We first address defendant’s claim of instructional error. Claims of instructional error are
reviewed de novo. People v Hall, 249 Mich App 262, 269; 643 NW2d 253 (2002), on rem 256
Mich App 674; 671 NW2d 545 (2003). A trial judge must instruct the jury regarding the
applicable law and fully and fairly present the case to the jury in an understandable manner.
People v Moore, 189 Mich App 315, 319; 472 NW2d 1 (1991). Even if somewhat imperfect,
instructions do not create error if they fairly present the issues to be tried and sufficiently protect
the defendant’s rights. People v Aldrich, 246 Mich App 101, 124; 631 NW2d 67 (2001).
MCL 767.39 provides:
[E]very person concerned in the commission of an offense, whether he
directly commits the act constituting the offense or procures, counsels, aids, or
abets in its commission may hereafter be prosecuted, indicted, tried and on
conviction shall be punished as if he had directly committed such offense. [Id.]
The elements that the prosecutor needed to show to establish aiding and abetting are: (1)

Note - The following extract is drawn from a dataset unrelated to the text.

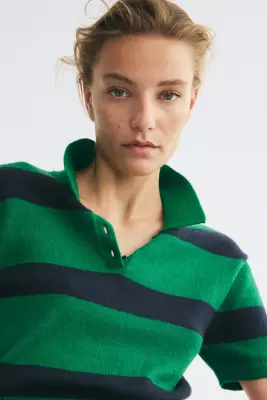 Polo en maille fine - Vert/rayures bleu marine — photo 1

the crime charged was committed by the defendant or some other person, (2) the defendant
performed acts or gave encouragement which assisted the commission of the crime, and (3) the
defendant intended the commission of the crime or had knowledge that the principal intended its
commission at the time that the defendant gave aid and encouragement. People v IzarrarasPlacante, 246 Mich App 490, 495; 633 NW2d 18 (2001). To sustain an aiding and abetting
conviction, the principal’s guilt must be shown beyond a reasonable doubt, but the principal need
not be convicted. People v Tanner, 255 Mich App 369, 419; 660 NW2d 746 (2003), rev’d on
other grounds 469 Mich 437; 671 NW2d 728 (2003). The prosecutor needed only introduce
sufficient evidence that the crime was committed by a principal and that the defendant aided and
abetted it. Id.
An assault is an attempt to commit battery or an unlawful act that places the victim in
reasonable apprehension of receiving an immediate battery. People v Milton, 257 Mich App
467, 473; 668 NW2d 387 (2003). Battery is the consummation of an assault. Id. Both assault
and battery are specific intent crimes for which there must be an intent to injure or an intent to
put the victim in reasonable fear or apprehension of an immediate battery. People v Datema, 448
Mich 585, 602; 533 NW2d 272 (1995). An aggravated assault is an assault which results in
serious or aggravated injury to the victim. People v Brown, 97 Mich App 606, 610-611; 296
NW2d 121 (1980).
Defendant’s assertion that aiding and abetting is a cognate lesser included offense of the
crime charged against defendant fails because aiding and abetting is not a separate offense but an
alternative theory of the prosecution. The aiding and abetting statute, MCL 767.39, did not
create a distinct crime, People v Greaux, 461 Mich 339, 344; 604 NW2d 327 (2000), but
abolished the common-law distinction between an accessory before the fact (aider and abettor)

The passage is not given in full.